Rice to OpenGL 2.1 (and potentially ES)

Narann · Jul 14, 2014

Hi guys! As you maybe know, I'm rewritting some parts of mupen64plus-video-rice to make it more OpenGL 2.1 compliant (aka rewritting almost everything related to graphic...). The idea is to throw away old deprecated OpenGL functions (and pipeline) and have a code that could be easely ported to OpenGL ES 2 (used in a modern way, OpenGL 2.1 is supposed to be easy to port to OpenGL ES 2).

I'm very new to the N64 HLE scene so I learn smoothly. Massive thanks to Gonetz's blog and his answers that totally help me to jump.
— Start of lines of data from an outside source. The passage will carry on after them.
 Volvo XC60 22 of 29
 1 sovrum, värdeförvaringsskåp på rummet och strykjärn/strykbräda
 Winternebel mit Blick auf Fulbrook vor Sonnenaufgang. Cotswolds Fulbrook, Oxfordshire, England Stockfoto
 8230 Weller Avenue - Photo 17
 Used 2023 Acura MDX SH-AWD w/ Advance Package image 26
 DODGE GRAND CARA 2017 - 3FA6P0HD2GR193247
You have no idea how guru comments are valuable when you have no idea where to start.

Before do the big jump to go in massive shader use (aka OpenGL 2.1 refactor), my two big bugfixes where fix fog (fog in Rice!) and fix fractionnal part of the insertMatrix command (fix leaning trees in SSB64). Unfortunately, fog (and a lot of others things) are breaks now that the Color Combiner has been rewrite to avoid deprecated OpenGL functions (Full GLSL). I surprised myself to actually read MESS's code and other plugin's code to see if I get it or not. I must admit my programming knowledge just bounce up since I'm working on Rice (and I still have a lot to learn).
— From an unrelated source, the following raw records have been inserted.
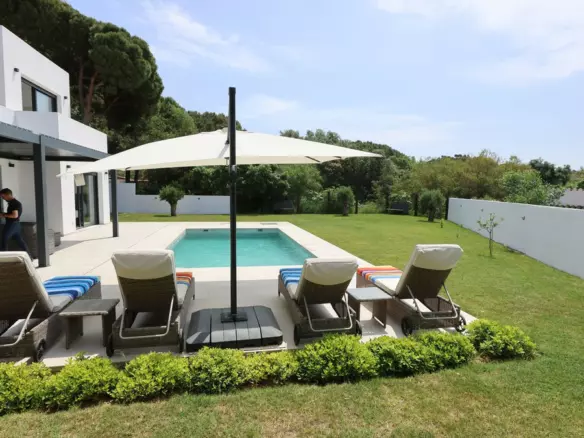 3-bedroom Villa In Marbella, Spain (245 M²)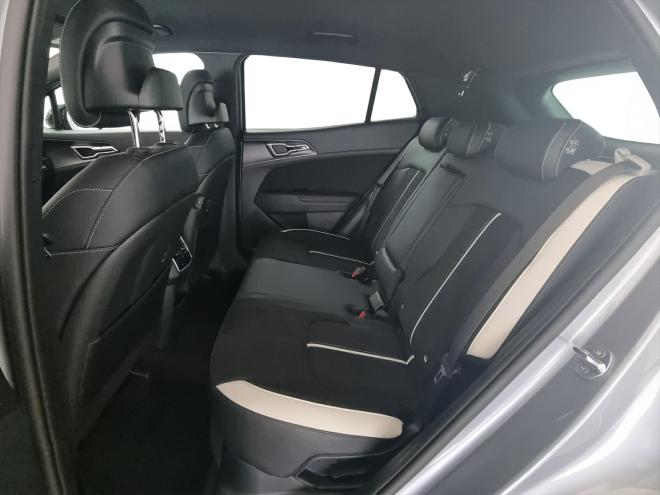 Car gallery image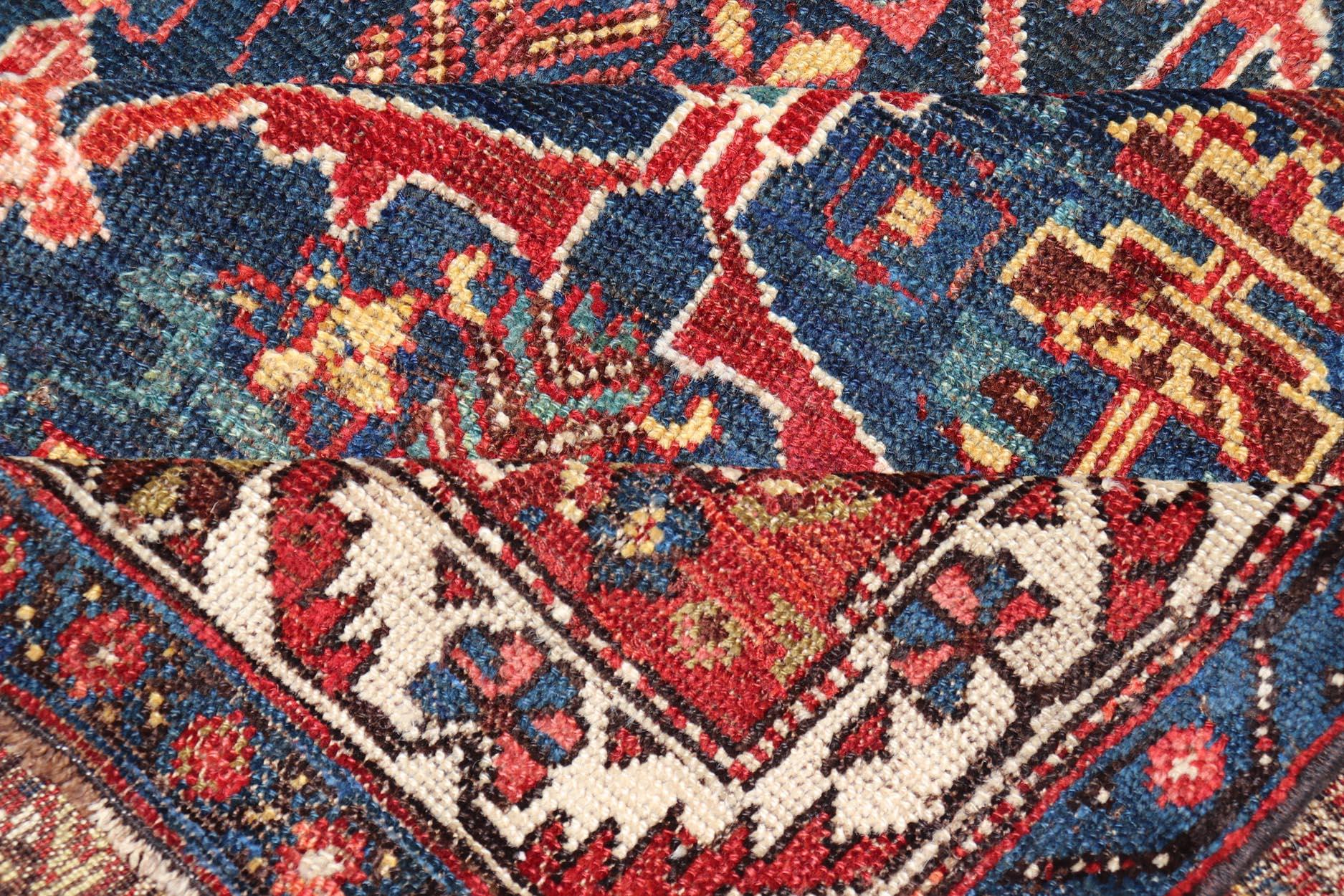 Antiker persischer Bakhitari-Teppich mit buntem, geblümtem Medaillon-Design  im Angebot 2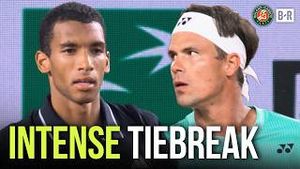 Video post by @bleacherreport on YouTube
Anyway, I choosed to create this thread after a lot of investigations to understand the relation between ALPHA_CVG_SEL and CVG_X_ALPHA. Digging over the internet I found this thread (it seems to was the good old time where everything has to be done, so many peoples discussing) and I have the impression it is the way to go: Create a thread to help others to follow you work and maybe get some help. So now I think I've (kind of) understood.
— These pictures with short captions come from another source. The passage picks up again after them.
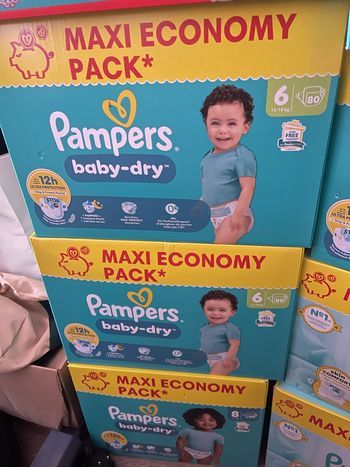 Couche Pampers taille 6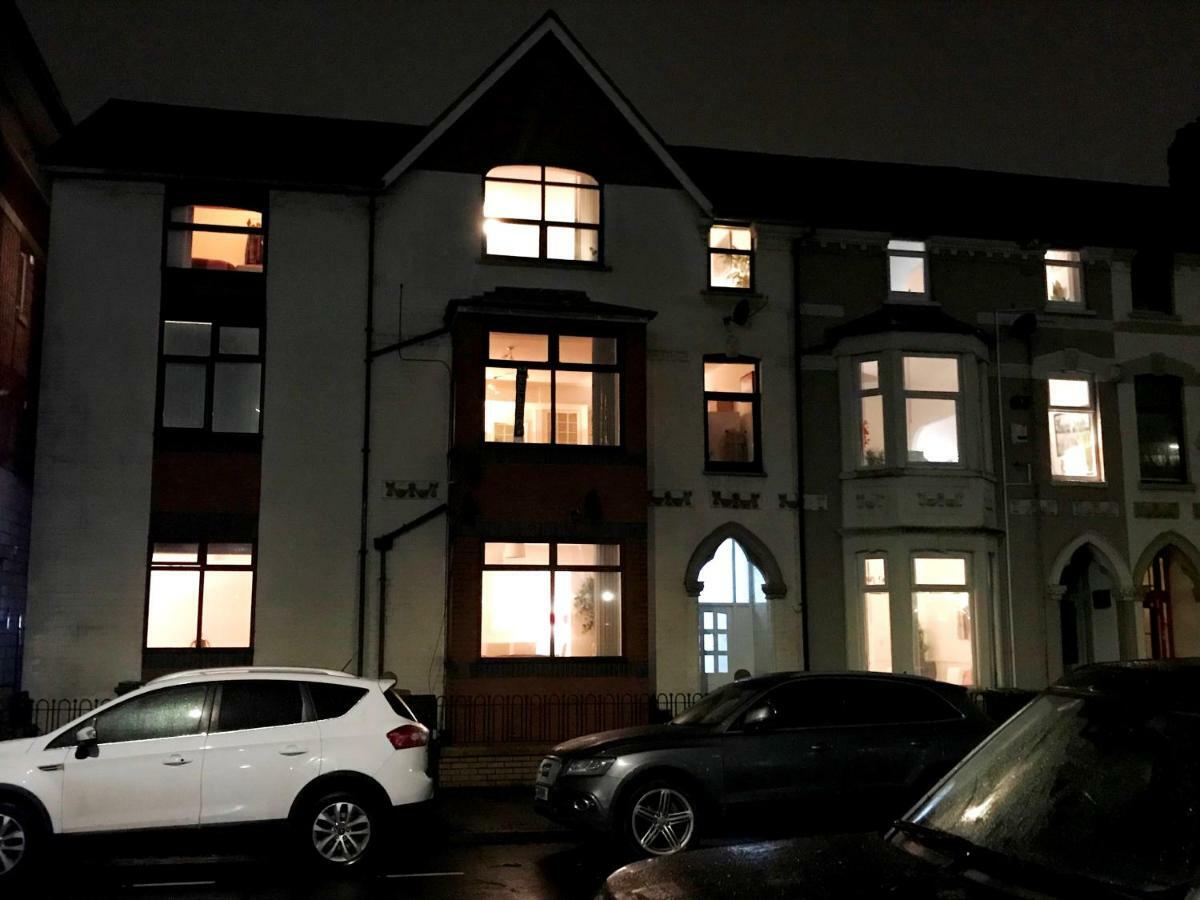 קארדיף 1 Fitzhamon Embankment Apartments Opposite Principality Stadium - Long Stay Offer מראה חיצוני תמונה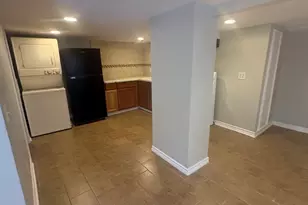 2205 33rd St, Galveston, TX 77550 - Photo 5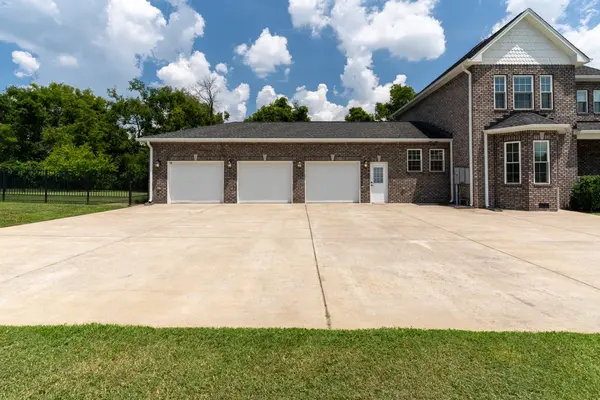 239 Grandview Cir, Gallatin, TN 37066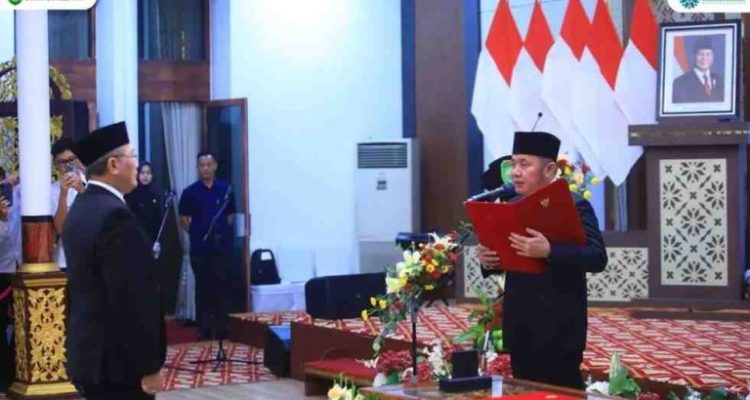H. Herman Deru, secara resmi mengukuhkan Supriyadi, S.E., M.M. sebagai Kepala Perwakilan Badan Pengawasan Keuangan dan Pembangunan (BPKP) Provinsi Sumsel, pada Selasa (24/6/2025), bertempat di Griya Agung Palembang.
What I hope (we will see) is peoples here could help me, just giving the good word I'd miss or I should look for. When you are digging in a problem, often a simple "Did you check <magic word here>?" is enougth to help you to look at the right place.:inlove:

Don't expect massive activity (spare time project) but I will try to update this thread each time I get something new.

What took my time recently (and I should defenetly move to something else as there is a lot of work): The relation between ALPHA_CVG_SEL and CVG_X_ALPHA:

CVG_X_ALPHA alone : Surface is clamped (coverage) if alpha == 0 Aka do a nice alpha blending but clamp on places where alpha is not needed. This create a transparency artefact when two transparency objects are displayed. 1080SB over use this and you can see this artefact here on trees your going under (on the left). It could be considered as a "strict cutoff".

Have CVG_X_ALPHA avoid this:

Providing something like this:

While it can do the job, this is not perfect. This is why we often see this:

CVG_X_ALPHA and ALPHA_CVG_SEL : Surface is clamped if alpha > 0.5. (0.5 is arbitrary value even if I'm sure there is a true way to find it (I guess it's because coverage is anti aliased and I guess there is no interest to put CVG_X_ALPHA and ALPHA_CVG_SEL without AA_EN but I need to investigate).

Anyway, this works: Mario Kart Karts sprites (CVG_X_ALPHA and ALPHA_CVG_SEL) are nicely clamped. MK64 items, 1080SB border trees (CVG_X_ALPHA alone) are not but keep pass a "honest" Z depth test.

If you look the 1080SB video carefully at the provided time (effect visible a 6min20s), you will realize the transparency is not arsh but a little rounded (hard to see on the video, I agree, this is why I ask for valid N64 screenshots. :whistling: ). Actually, put a >0.1 instead of a == 0 give a better visual result on highest resolutions as ==0 show pixel squares on the transparency borders (I guess it's not a problem on native resolution), >0.1 loose a little of the border (most of the time it has no visual impact on the alpha blending so...).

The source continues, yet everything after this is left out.